• **Material provided**

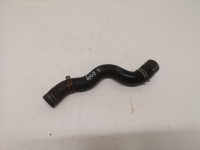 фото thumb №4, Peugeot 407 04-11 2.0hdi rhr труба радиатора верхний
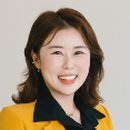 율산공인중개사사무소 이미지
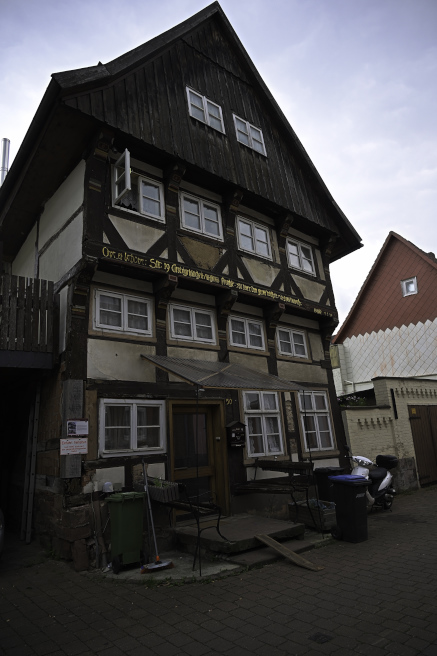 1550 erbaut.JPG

• **Exercise prompt**
The required output is the listing above reproduced exactly, pictures removed.

• **Answer space**
 фото thumb №4, Peugeot 407 04-11 2.0hdi rhr труба радиатора верхний
 율산공인중개사사무소 이미지
 1550 erbaut.JPG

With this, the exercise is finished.